Task objective – Could you print, exactly and without pictures, only the lines from the one with "Elegant Black Saree" through the end of the records below?

------------------------

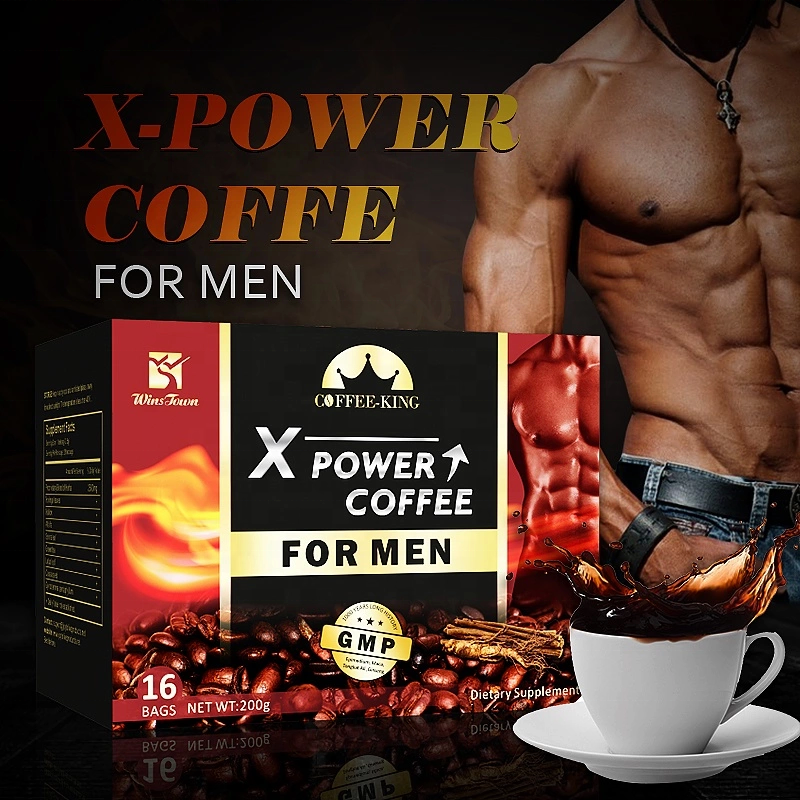 Man X-power Kaffee Custom Maca Bio Kräuter Instant Black Coffee 200g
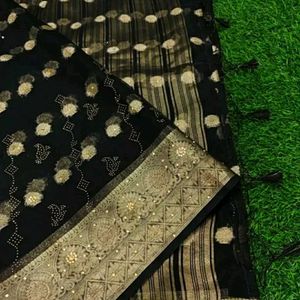 Elegant Black Saree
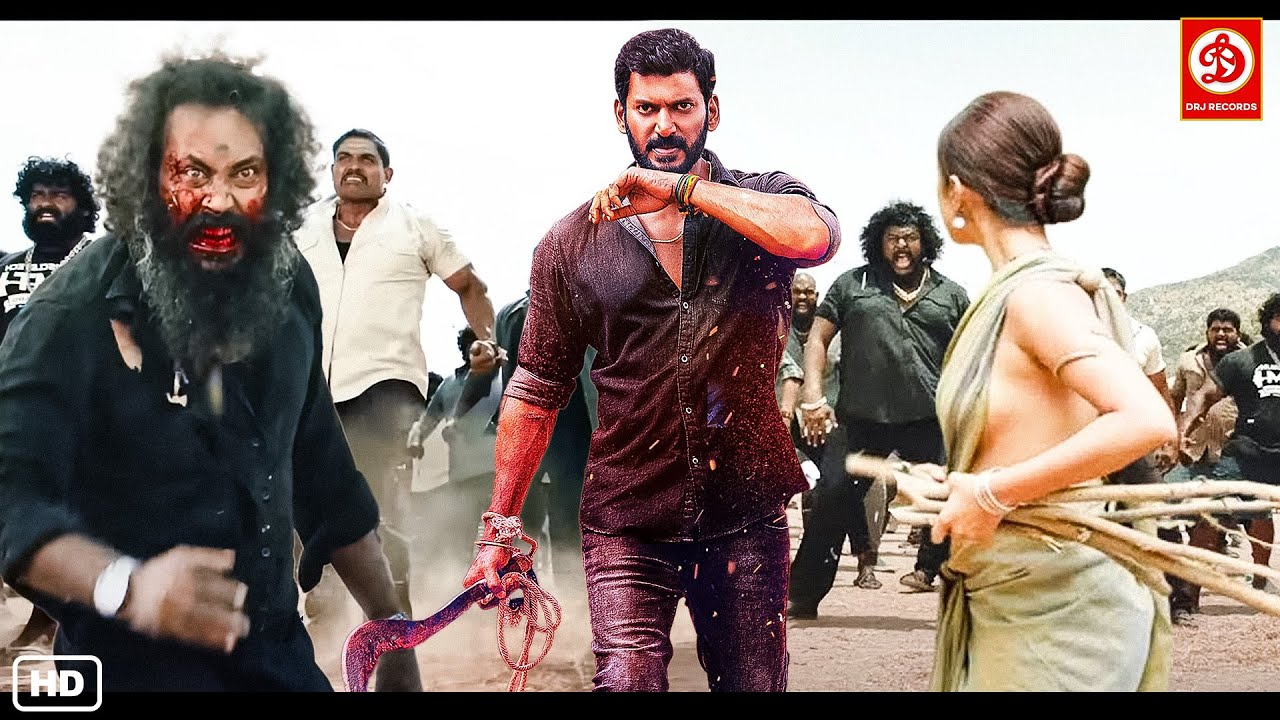 Superhit (HD) Blockbuster Superhit South Indian Hindi Dubbed Action Movie | Vishal, Meera Jasmine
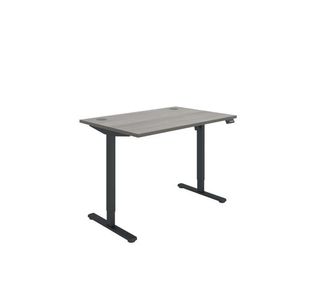 Polaris Single Motor Sit/Stand Desk 1200x800 Grey Oak/Black KF800081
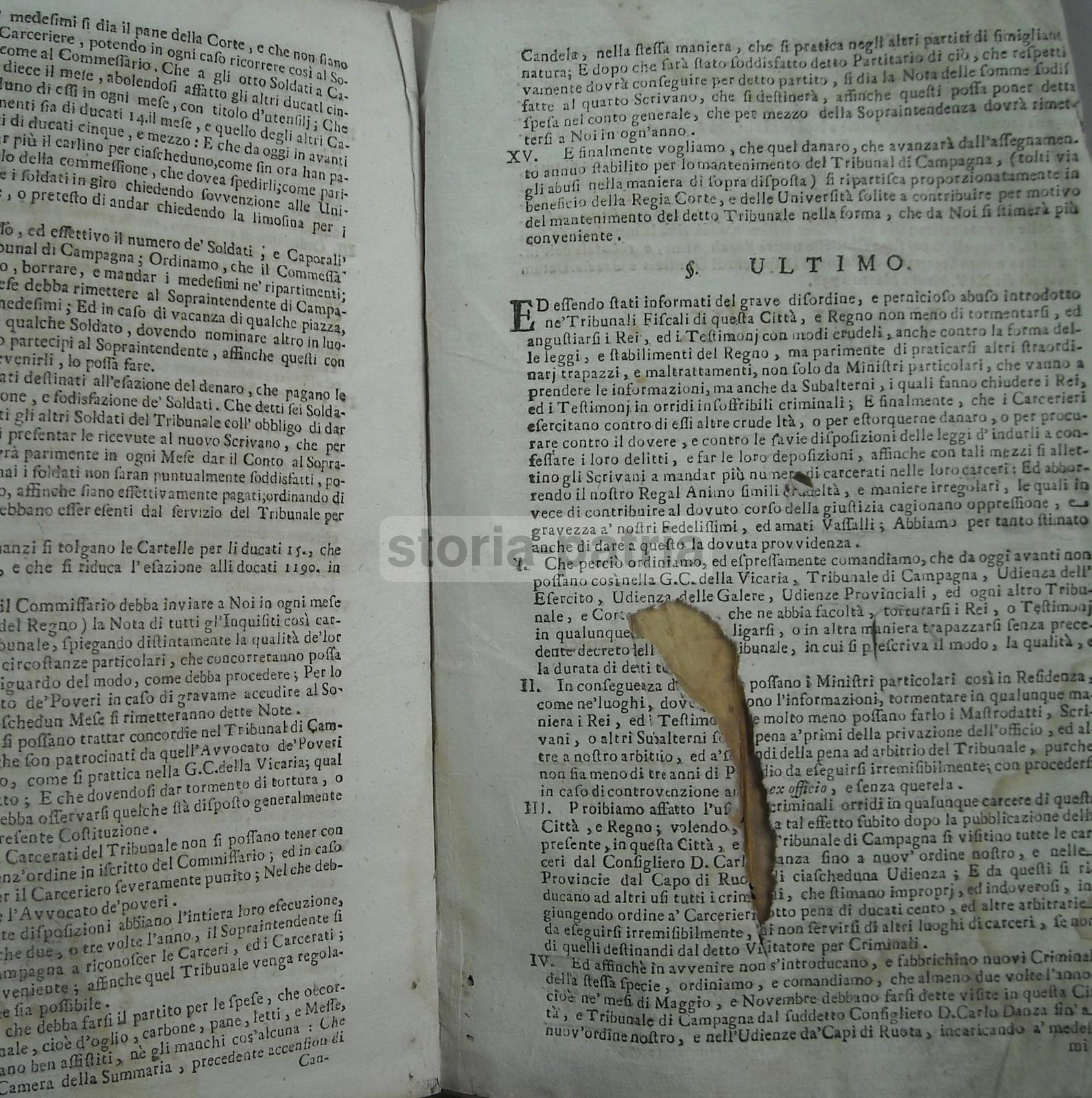 Araldica, Borboni, Giuridica, Giustizia, Tribunali, Napoli, Snellimento Processi, 1738 immagine 7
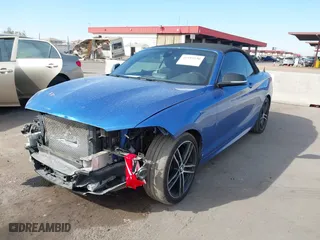 2020 BMW 2 Series M240i with VIN WBA2N1C08L7F39456, listed as a IAAI auction lot 41593230 with 37,747 mi miles. Bid and sale history available at carsss.com. Image 18.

------------------------

Result of this task –
 Elegant Black Saree
 Superhit (HD) Blockbuster Superhit South Indian Hindi Dubbed Action Movie | Vishal, Meera Jasmine
 Polaris Single Motor Sit/Stand Desk 1200x800 Grey Oak/Black KF800081
 Araldica, Borboni, Giuridica, Giustizia, Tribunali, Napoli, Snellimento Processi, 1738 immagine 7
 2020 BMW 2 Series M240i with VIN WBA2N1C08L7F39456, listed as a IAAI auction lot 41593230 with 37,747 mi miles. Bid and sale history available at carsss.com. Image 18.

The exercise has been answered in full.